Copy each entry precisely as written, and do not carry over the pictures.
═══ INPUT MATERIAL ═══
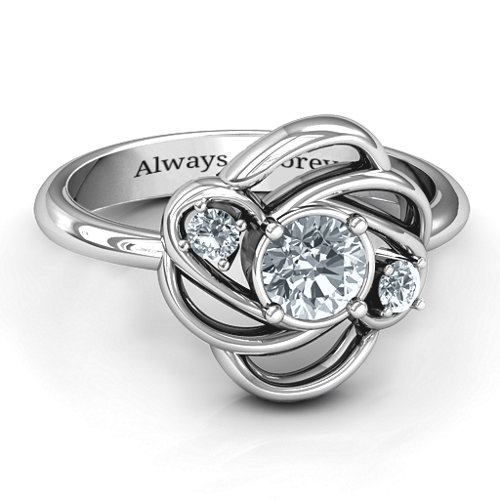 Multi Stone Love Knot Ring – Sterling Silver with Cubic Zirconia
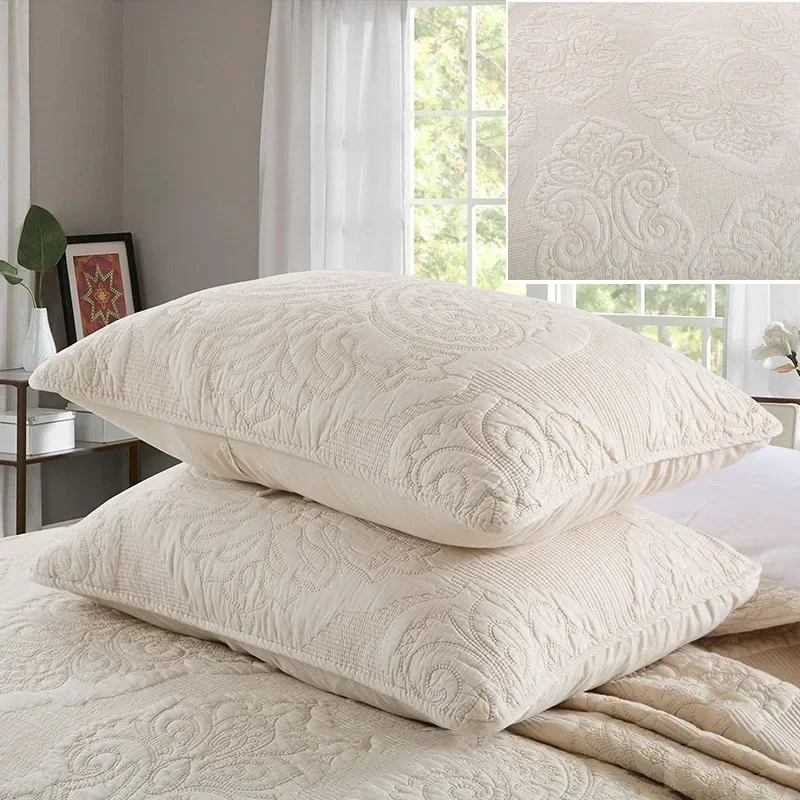 100% Cotton Fabric Quilted Pillowcase 2-Piece Embroidered Pillow Case  Soft and Thick Pillowslip Plain Color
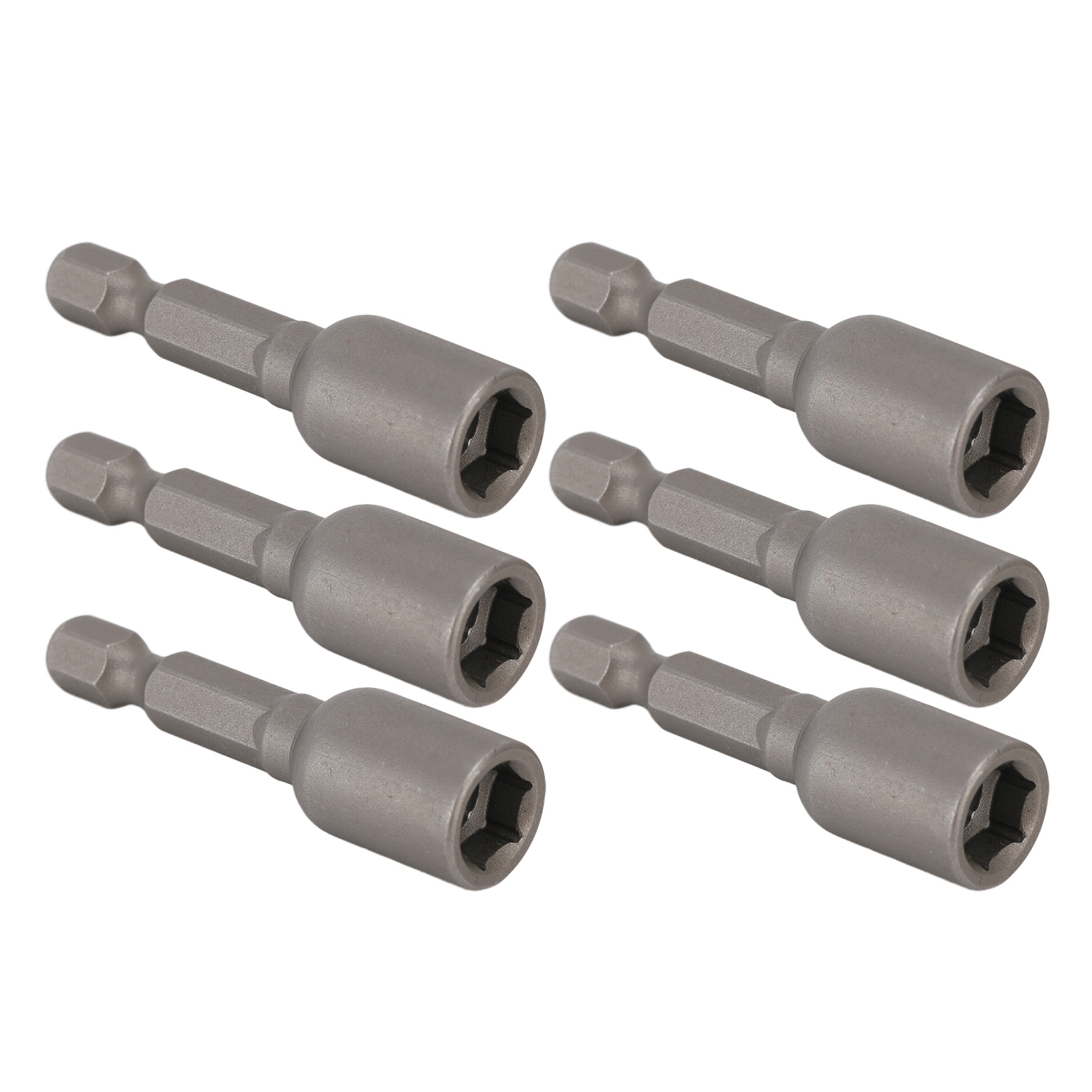 10-teiliges Magnetisches Sechskant-steckschlüssel-bit-set Mit M8x48mm 1/4"-schaft, Grau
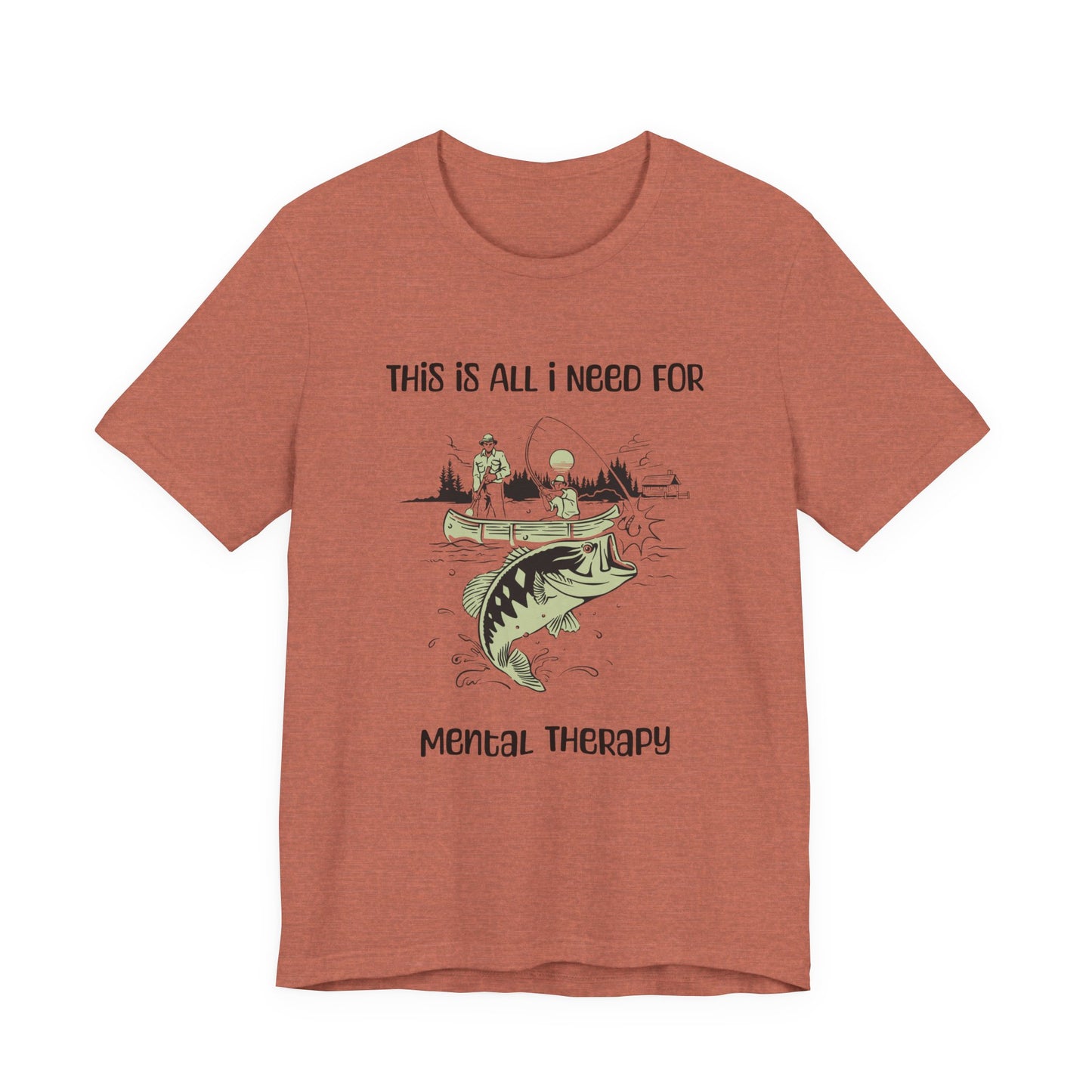 Fishing Therapy Unisex Tee, Outdoor Apparel, Casual Wear, Gift for Fishing Lovers, Nature Lover T-Shirt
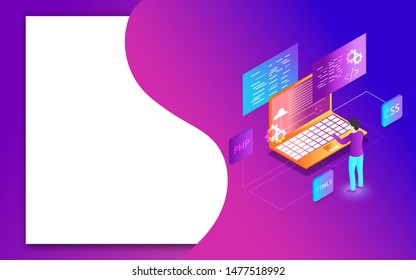 Miniature developer working on laptop with different coding language signs on purple background for Web Development concept based isometric design.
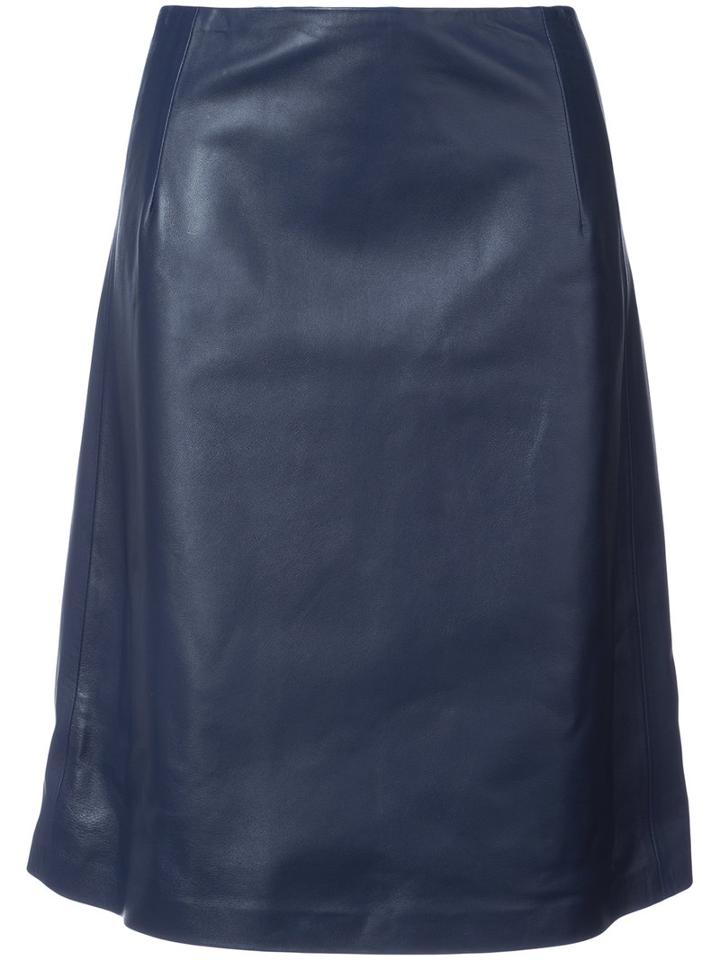 Carolina Herrera - A-line Skirt - Women - Silk/lamb Skin - 4, Green, Silk/lamb Skin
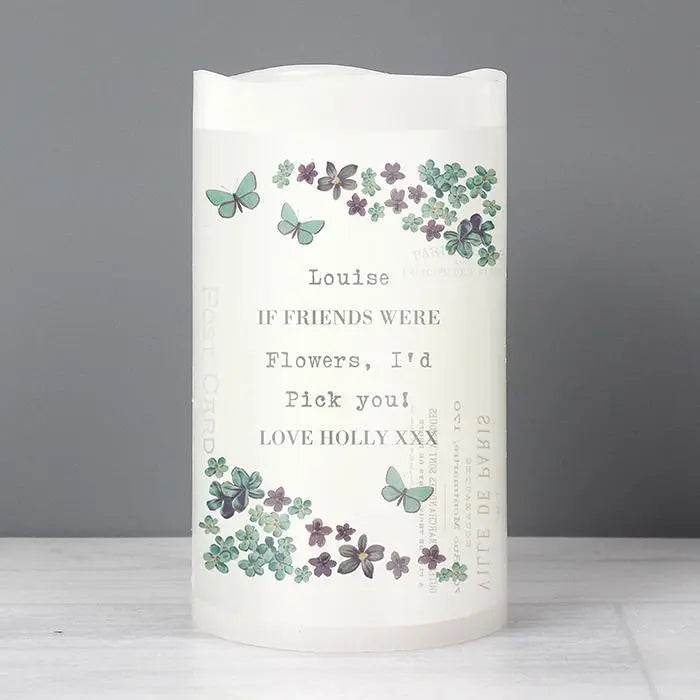 Personalised Forget Me Not LED Candle - Shop LED Lighting At Gift Moments - 2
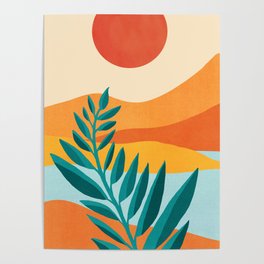 Mountain Sunset Colorful Landscape Illustration Poster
═══
◆ ANSWER BELOW
 Multi Stone Love Knot Ring – Sterling Silver with Cubic Zirconia
 100% Cotton Fabric Quilted Pillowcase 2-Piece Embroidered Pillow Case  Soft and Thick Pillowslip Plain Color
 10-teiliges Magnetisches Sechskant-steckschlüssel-bit-set Mit M8x48mm 1/4"-schaft, Grau
 Fishing Therapy Unisex Tee, Outdoor Apparel, Casual Wear, Gift for Fishing Lovers, Nature Lover T-Shirt
 Miniature developer working on laptop with different coding language signs on purple background for Web Development concept based isometric design.
 Carolina Herrera - A-line Skirt - Women - Silk/lamb Skin - 4, Green, Silk/lamb Skin
 Personalised Forget Me Not LED Candle - Shop LED Lighting At Gift Moments - 2
 Mountain Sunset Colorful Landscape Illustration Poster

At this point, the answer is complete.